## ASSIGNMENT:
Transcribe every line of the material below without change, apart from dropping the pictures.

## EXERCISE DATA:
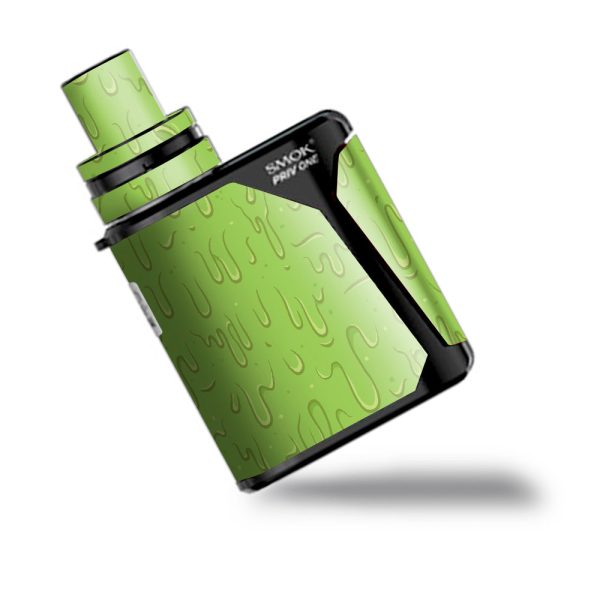 Dripping Cartoon Slime Green Smok Priv One Skin For Sale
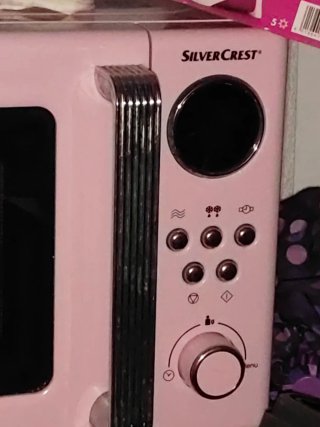 Microondas Silvercrest Rosa Retro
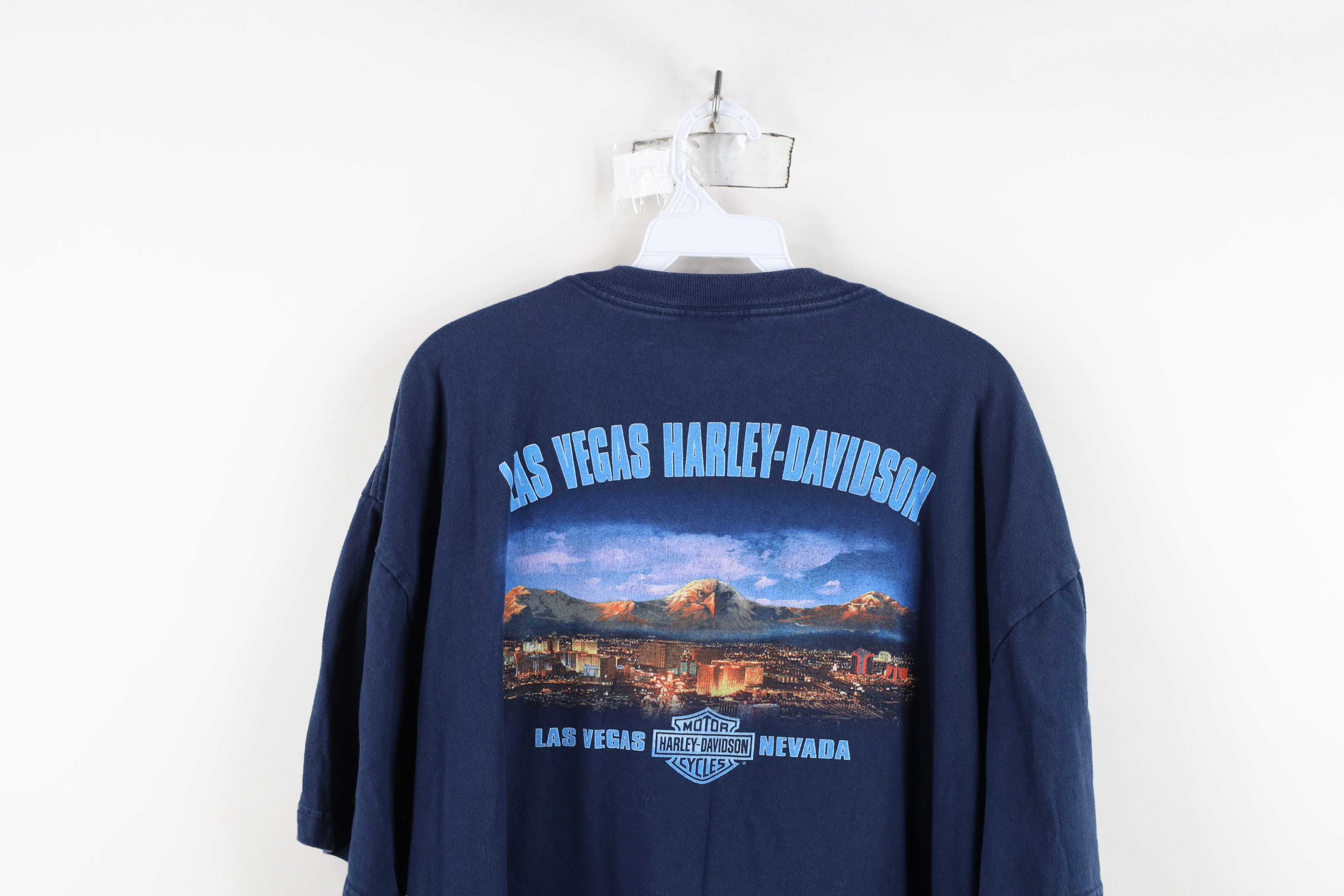 Harley Davidson Vintage Y2K Harley Davidson Eagle Short Sleeve T-Shirt Size US XXL / EU 58 / 5 - 13 Thumbnail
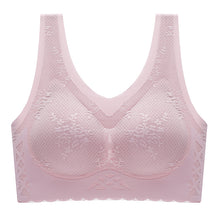 Cargar imagen en el visor de la galería, Women's comfortable latex breathable inner cup sleep bra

## EXERCISE SOLUTION:
 Dripping Cartoon Slime Green Smok Priv One Skin For Sale
 Microondas Silvercrest Rosa Retro
 Harley Davidson Vintage Y2K Harley Davidson Eagle Short Sleeve T-Shirt Size US XXL / EU 58 / 5 - 13 Thumbnail
 Cargar imagen en el visor de la galería, Women's comfortable latex breathable inner cup sleep bra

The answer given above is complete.